Open cadedaniel opened 1 year ago
Hello, any progress on your side? Do you have examples that we could get inspiration? Thanks.
mark
Any ideas about this problem? I tried and ray.serve with vllm do double the GPU consumption.
Is vllm TP support in progress?
For TP, I have a workaround that seems to work in my case...
I remove the num_gpus
option for the deployment itself (VLLMPredictDeployment
). This option for the deployment seems mostly to be for scheduling (to tell it to run the deployment on a node with GPU available), since under the hood, vllm also creates a RayWorker that actually uses GPU. The AsyncLLMEngine itself doesn't need GPU to run, as it's calling ray.remote to these RayWorkers that run the workload on GPU.

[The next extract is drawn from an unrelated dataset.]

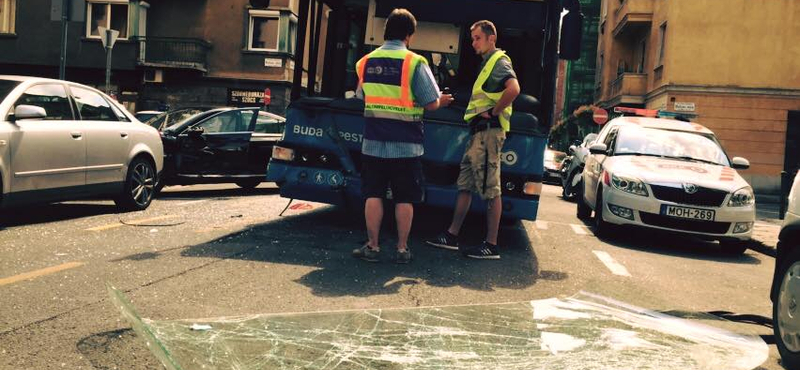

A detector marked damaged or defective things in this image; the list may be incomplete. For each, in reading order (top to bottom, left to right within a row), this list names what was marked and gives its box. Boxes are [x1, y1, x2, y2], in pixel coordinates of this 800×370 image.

What you could do instead is to add a custom resource to GPU nodes and have the VLLM deployment require that custom resource to get the top-level deployment to get deployed to a node with GPU. Another alternative is to set num_cpus
in such a way that the scheduler will always try to put the vllm deployment onto a GPU node), without actually reserving a GPU for itself.
However, I am running into another issue, which is that for a long-running VLLM deployment, the RayWorker
actors that vllm is creating die at some point and are never recreated. In the case (when the RayWorkers
are all dead) VLLMPredictDeployment
will give the following error:
return (yield from awaitable.__await__())
ray.exceptions.RayActorError: The actor died unexpectedly before finishing this task.
class_name: RayWorker
actor_id: 1963424394259fade0c44c5501000000
pid: 714
namespace: _ray_internal_dashboard
ip: 100.64.144.72
The actor is dead because all references to the actor were removed
(...)
raise AsyncEngineDeadError(\nvllm.engine.async_llm_engine.AsyncEngineDeadError: Task finished unexpectedly. This should never happen! Please open an issue on Github. See stack trace above for the actual cause..
The example should show tensor parallelism. I am not sure if Serve + vLLM + tensor parallelism works at the moment because the Serve deployment will request N GPUs, then each vLLM worker will request a GPU, duplicating the GPU resource request.